Then a suitable adjacent audience might be people who are identical in two respects, but differ in one. They might be:

  • Female
  • Living in other, different cities or states
  • Not making it through the onboarding successfully

If you can create conditions where those people can succeed too, the pay-off will be great because these people are already well-aligned with your product.

The more closely you can associate a reason for not activating with one, or a small number of, divergences from the successful user profile, the easier it will be to solve for that group of AUs.

And this leads to what Geoffrey Moore, in his book 'Crossing the Chasm', calls the Bowling Alley strategy.

Each group of adjacent users you tackle should reduce the distance between your newly-broadened successful user group and the next nearest AU group, so:

  • You will benefit from word of mouth within new networks
  • Your case studies will be relevant to new segments

Just as toppling one pin at the bowling alley (hopefully…) knocks down those behind it.

So, the adjacent user theory of growth is focused on gradual expansion in concentric, ever-widening circles – with minimal effort required to take you outwards to the next layer.

Converting more adjacent users to customers

By catering for more use cases and ideal user journeys in your onboarding, you will:

  • Get more groups of users experiencing the value of your service
  • Get them to experience it more quickly

We’ll come back to ways you can achieve this in a minute.

Before we do, I’d like to deal with a question that keeps coming up time and time again. “Should I extend the trial period to improve activation?”

Adjacent users: Trak.io
Courtesy of track.io

When you come to the end of a free trial with Trak.io, one of the options you are given is to extend the trial by three days.

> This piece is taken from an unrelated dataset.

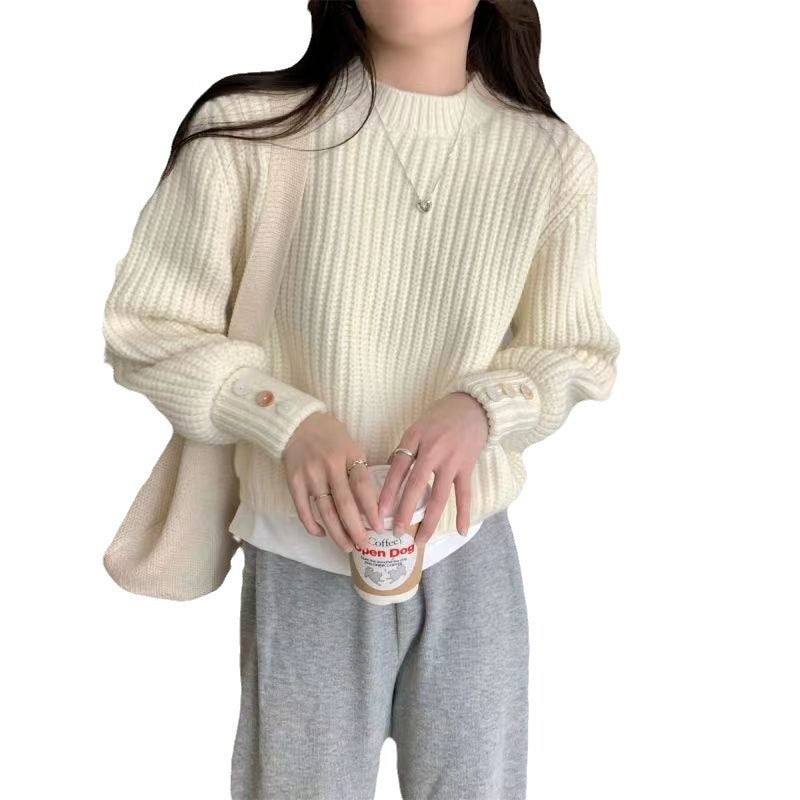 Pull en gros tricot pour femmes avec encolure ras du cou et boutons décoratifs Chic und Stil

All you have to do is give them a reason why you’re not yet in a position to buy.

Smart, huh?

If the reason the user gives is something that Trak.io can help them with, they can be directed straight to it with in-app cues.

If it’s not, it’s a strong signal of an issue Trak.io needs to address in its product roadmap or in terms of the kinds of users it’s attracting.

Win win, right?

Up to a point, yes.

Trak.io is doing this well, but a trial extension is not always the right answer. If a user hasn’t really engaged with your service at all during the trial, will a few days make the difference? If they have engaged with it and not experienced the value by the end of the trial, is there a wider time to value (TTV) problem with your app?

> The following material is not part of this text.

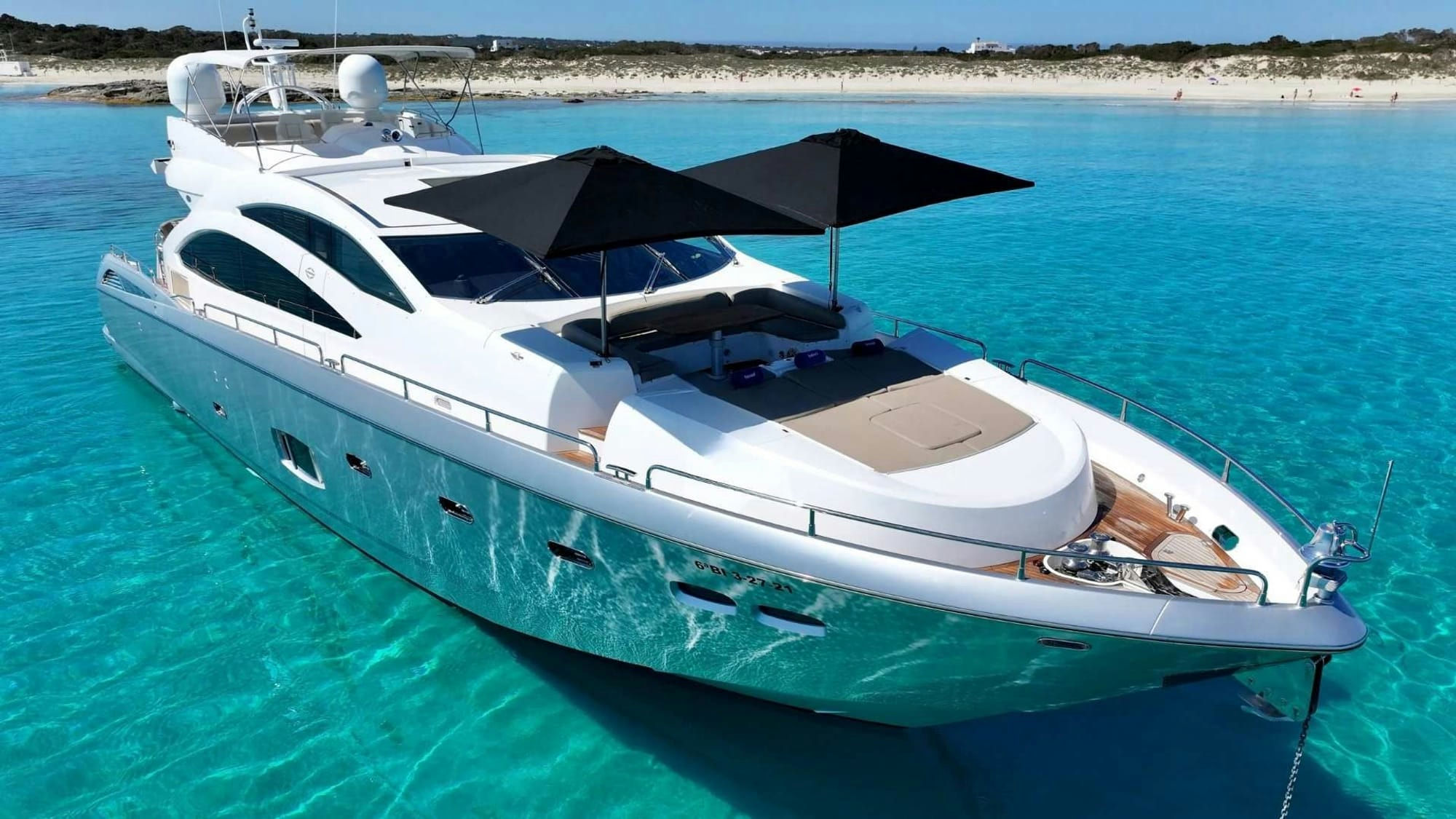 Basad, 26.5 m Sunseeker charter yacht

To make trial extensions work as a part of your activation strategy, you need to change something in the user experience that helps drive activation in response. Otherwise, more time is likely to lead to the exact same results, however, that’s not true for every app. Sometimes more time does make a difference, perhaps your SaaS is an accounting app that only gets used heavily once every month.

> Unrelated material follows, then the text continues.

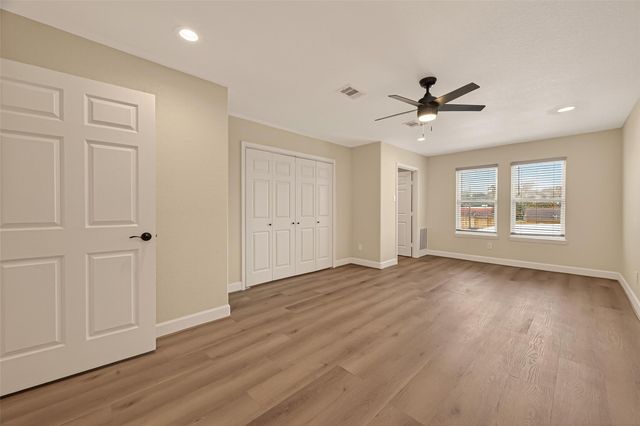 7430 Spencer Highway A, Pasadena, TX 77505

But as a rule, it’s better to get users to value faster than to give them more time to get there, and that’s why onboarding is so powerful.

We’ll look at three different aspects of this.

1. Onboarding: Identifying the Aha moment

If you’re not sure what a new user is looking for when they sign up for your service (for example, from the themes of the marketing campaign they responded to) then ask them!

Adjacent users: Hotjar
Courtesy of hotjar.com

Here’s how Hotjar starts identifying users’ needs as part of the onboarding customization process.

Adjacent users: Fullstory
Courtesy of Fullstory.com

And here’s how it’s done at Fullstory.

This kind of microsurvey is a real win win:

  • You win, because it tells you what type of user you’re dealing with and what success means to them.
  • The user wins, because you can tailor the onboarding experience to get them to their preferred Aha! and value as quickly as possible.

But what about all those people whose needs fall outside the categories you already understand well? Like your adjacent users?

That’s where reactive onboarding helps.

This doesn’t have to be something that is done once and for all at the start of a user’s onboarding. There are plenty of ways to collect information about the sought-after Aha! by monitoring in-app behaviour through your product analytics.

Help center queries and FAQ page views give very strong signals about what a user is trying to achieve.

Combine a help center widget with an AI-powered bot like Drift or Helpcrunch’s and you’ve got a system that will start helping users to find their own ways to Aha and beyond by itself.

The advantage for you is that by studying their progress, you can build out proactive workflows for similar users to follow in the future.

2. Onboarding: tracking behavior

Heap, Mixpanel, Amplitude, there are loads of great in-app analytics packages out there which can help you understand how users are interacting with your product. If you don’t yet have clear mapped out segment by segment user journeys that you can provide proactive onboarding for, then Heap is probably the best of these three options. It tracks all activities from day one, rather than just those it has been configured to watch. But all these dedicated platforms are tricky and time consuming to use. If you’re not already an analytics guru, it’s often more efficient to use the analytics capabilities that are included in many one-stop-shop tools.

Once you can see what users are doing by group, you can cross-reference activity patterns against success.

What are the successful users doing that the adjacent users aren’t? Where are your adjacent users abandoning tasks? Are there features your adjacent users don’t seem to be aware of?

3. Adjusting user behavior

Once you know the problems your adjacent users are encountering, you can start to offer them solutions in-app. Even if you don’t know, you can make unsolicited suggestions about possible routes to value.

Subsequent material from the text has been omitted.